▶ [WORK TO BE COMPLETED]
Below are records; please write out exactly the lines from the first line through the line containing "Handmade Horror Bat", with no pictures.

▶ [RECORDS FOR THE TASK]

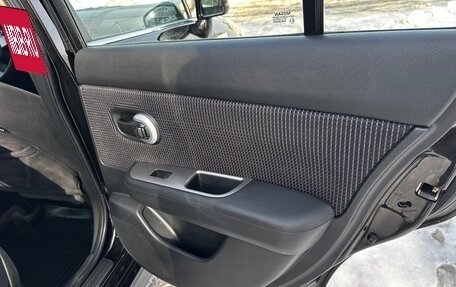 Nissan Tiida, 2011 год, 581 000 рублей, 30 фотография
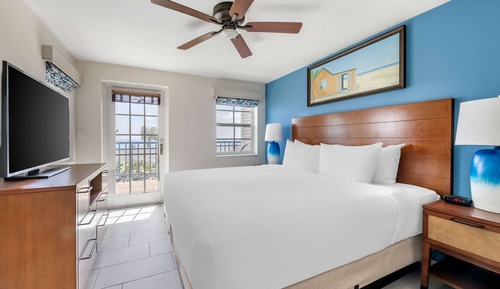 1 Bedroom Ocean Front King Suite
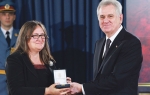 Svetlana  Stević od  predsednika  prima zasluženo  priznanje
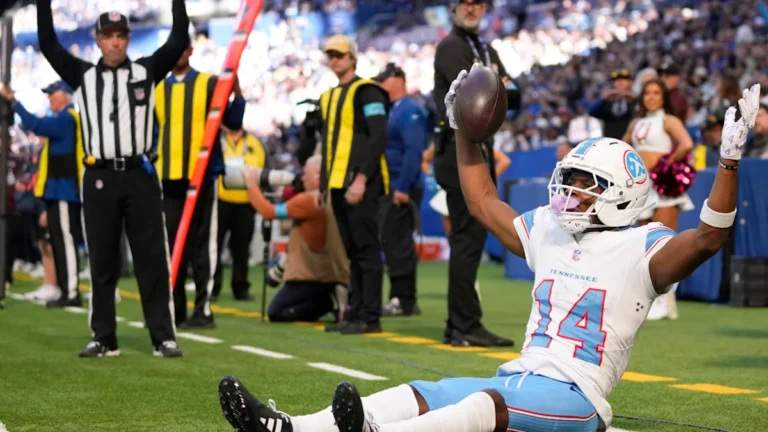 Titans' Carnell Tate misses practice with shoulder injury vs Bengals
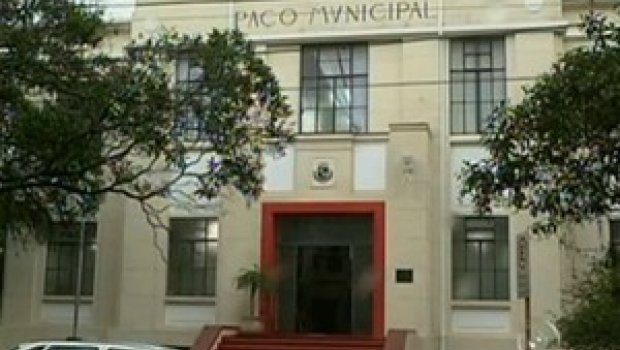  Prefeitura realiza reunião com o Sindicato dos Trabalhadores para pagamento do 13° salário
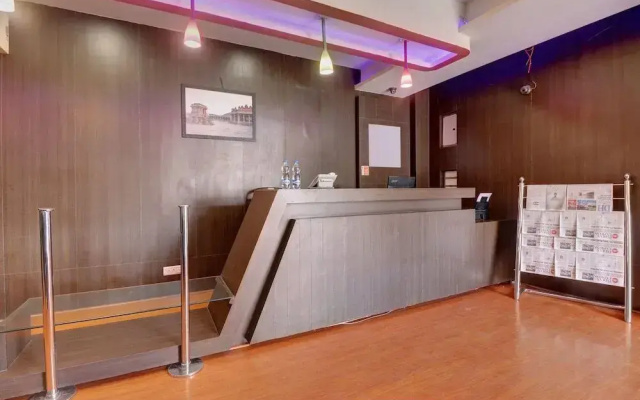 Genx By OYO Rooms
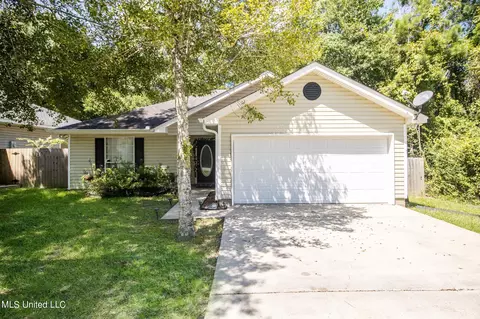9825 Ala Moana St, Diamondhead, MS 39525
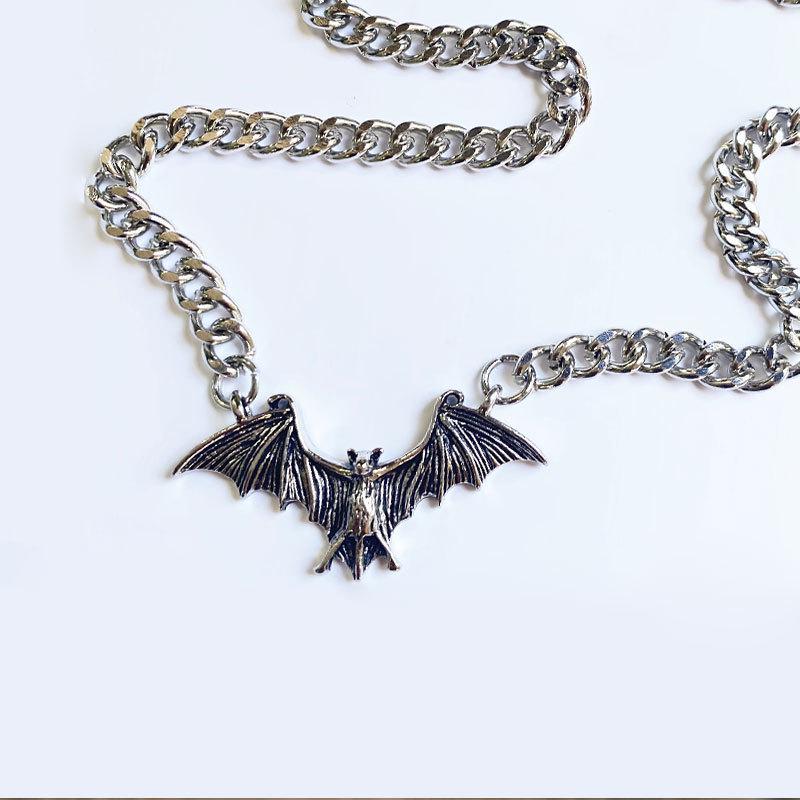Handmade Horror Bat Necklace Pendant - Creative DIY Jewelry Accessory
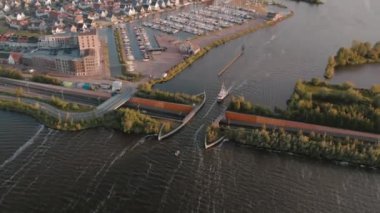 Harderwijk, Veluwemeer, Hollanda 'daki su kanalından geçen teknenin hava görüntüsü. Yüksek kalite 4k görüntü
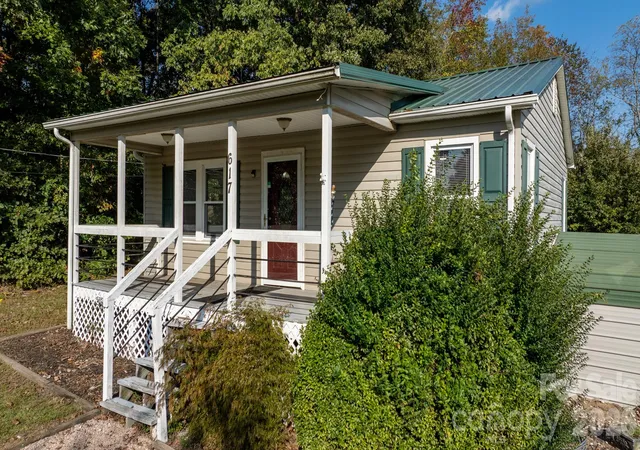 Photo 1 of Single family home for sale at 617 Hawthorne St, Hudson, NC 28638 | MLS# 4435748 | Listing updated on 2026-10-19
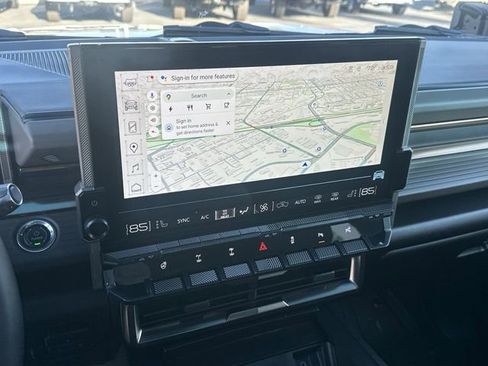 Used 2024 GMC Hummer EV 3X w/ Extreme Off-Road Package image 11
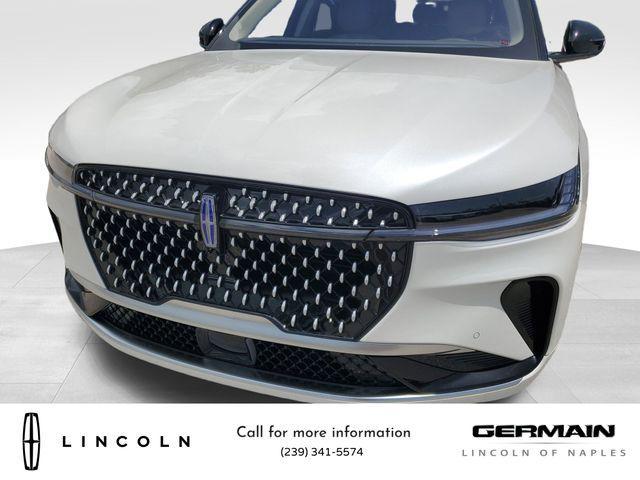 Photo of 2025 White Platinum Metallic Tri-Coat Lincoln Nautilus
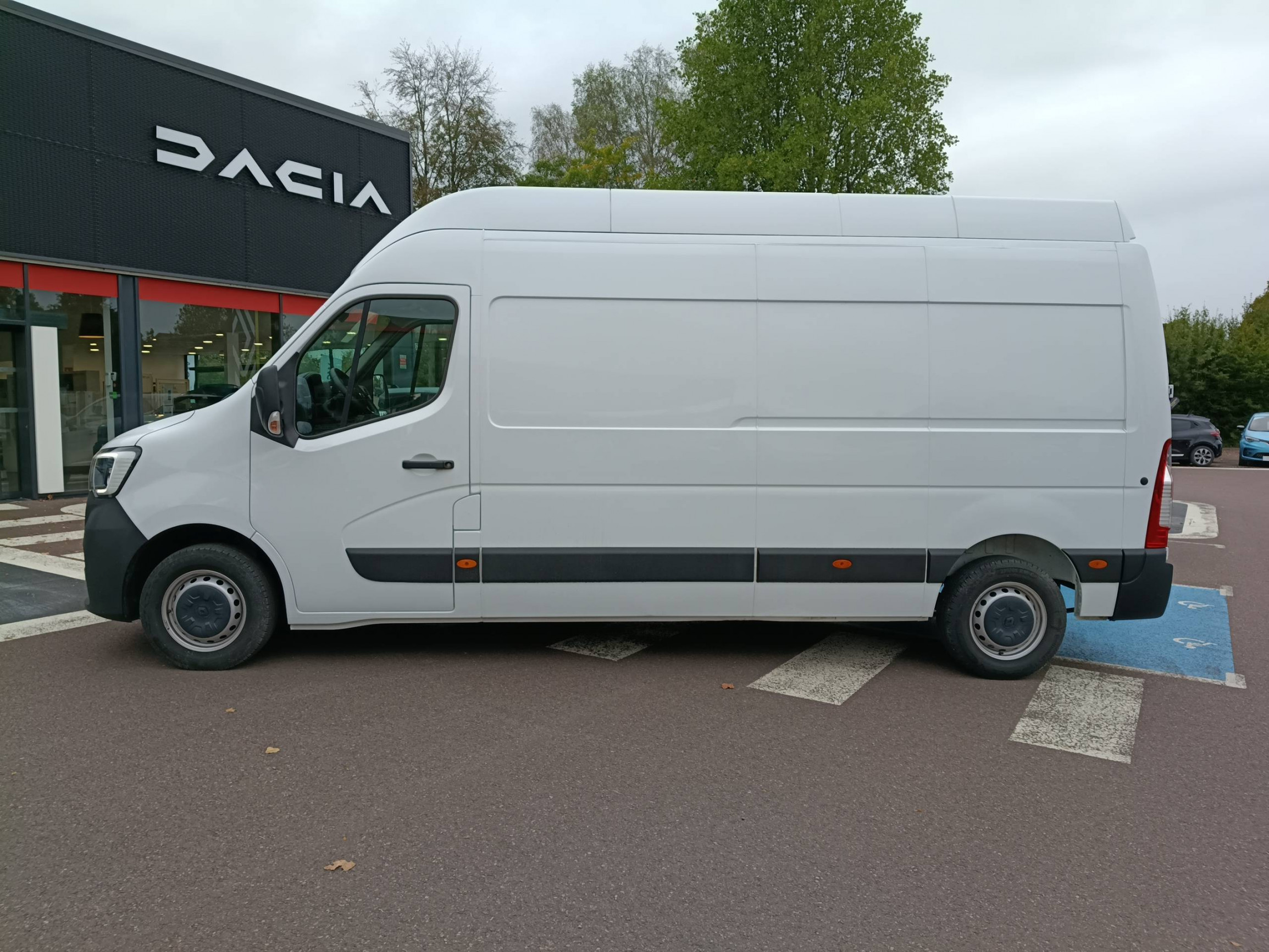 Vente en ligne Renault Master Fourgon MASTER FGN TRAC F3500 L3H3 BLUE DCI 135 au prix de 26 490 €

▶ [EXERCISE RESULT]
 Nissan Tiida, 2011 год, 581 000 рублей, 30 фотография
 1 Bedroom Ocean Front King Suite
 Svetlana  Stević od  predsednika  prima zasluženo  priznanje
 Titans' Carnell Tate misses practice with shoulder injury vs Bengals
  Prefeitura realiza reunião com o Sindicato dos Trabalhadores para pagamento do 13° salário
 Genx By OYO Rooms
9825 Ala Moana St, Diamondhead, MS 39525
Handmade Horror Bat Necklace Pendant - Creative DIY Jewelry Accessory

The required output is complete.